Tobacco companies are challenging California’s statewide ban on the sale of flavored tobacco products.

Background

On August 28, 2020, California became the second state in the nation, after Massachusetts, to pass a broad law prohibiting the sale of most flavored tobacco products. The California bill will ban the sale of menthol cigarettes and all flavored e-cigarettes statewide, as well as flavored non-cigarette tobacco products such as smokeless tobacco and some cigars. Governor Gavin Newsom signed the legislation the same day it passed. Three days later, a referendum supported by the tobacco industry was submitted that, if it qualifies for the ballot, would delay implementation of the law for two years pending the referendum result. For more on the referendum and on the law, known as SB-793 after its bill number, see our fact sheet.

In addition to the referendum effort, the tobacco industry is pursuing a court challenge to the law. On October 9, 2020, a group of tobacco industry plaintiffs including R.J. Reynolds and Phillip Morris sued California Attorney General Xavier Becerra and San Diego County District Attorney Summer Stephan, raising preemption claims against SB-793. It appears the inclusion of the San Diego County District Attorney was an effort to have the case transferred to the same judge handling the two lawsuits against San Diego County filed earlier by R.J. Reynolds and other tobacco companies and by the Neighborhood Market Association. The plaintiffs filed a motion making this request, arguing for the transfer because the cases involved some of the same parties and “substantially the same questions of law,” which was granted. 

Under the 2009 Tobacco Control Act, the federal government restricted the sale of some flavored tobacco products, including most flavored cigarettes. However, the Tobacco Control Act exempted menthol flavored cigarettes and flavored non-cigarette tobacco products, such as cigars, smokeless tobacco, hookahs, and e-cigarettes. The law preempts states and localities from enacting “tobacco product standards,” but does not limit their ability to enact requirements “relating to or prohibiting the sale, distribution, [or] possession” of tobacco products.

District Court Proceedings

In their complaint, the plaintiffs bring three claims, arguing:

  1. Express preemption – SB-793 is expressly preempted by the Tobacco Control Act because the Act is “different from, or in addition to” federal requirements related to “tobacco product standards”; and 
  2. Implied preemption – SB-793 is impliedly preempted because it “stands as an obstacle” to the objectives of the Tobacco Control Act to “set national standards” for manufacturing of tobacco products, because FDA has chosen to regulate flavored cigarettes but leave menthol on the market, and because Congress created a “detailed regulatory process” for “evaluating the design and sale of new tobacco products.”
  3. Dormant commerce clause – SB-793 improperly violates the Commerce Clause of the U.S. Constitution by dictating “how out-of-state manufacturers must manufacture their products.”

Also on October 9, plaintiffs filed for a preliminary injunction on the first two claims in their complaint to prevent implementation of SB-793 until the conclusion of the lawsuit.

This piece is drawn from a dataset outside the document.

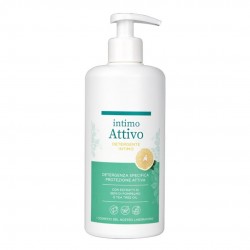 Detergente Intimo Attivo Azione Protettiva 500 Ml Laboratorio Della Farmacia - 2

This is the approach the tobacco industry has used in the other challenges to various flavored tobacco product ordinances. Defendants filed an opposition to that motion on November 12, 2020. On December 3, 2020, the State filed a motion to dismiss the case.

Meanwhile, in addition to the lawsuit, R.J. Reynolds has also led an effort to gather signatures in support of a referendum which would place SB 793 on the 2022 ballot to be approved or rejected by voters. While the signatures have not been verified, it is likely that enough signatures have been gathered. As a result, the state has indicated it does not plan to enforce the law as signatures are being verified. On December 10, 2020, the court asked the parties for additional briefing on the effect suspending SB 793 will have on the case. If there are enough verified signatures to place SB 793 on the 2022 ballot, RJR will likely withdraw the lawsuit as there will no longer be any basis for it.  

Litigation Status

A hearing is scheduled on the preliminary injunction and the motion to dismiss on January 28th, 2021. The scheduled hearing is concurrent with hearings in the two lawsuits against San Diego County’s flavored tobacco ordinance.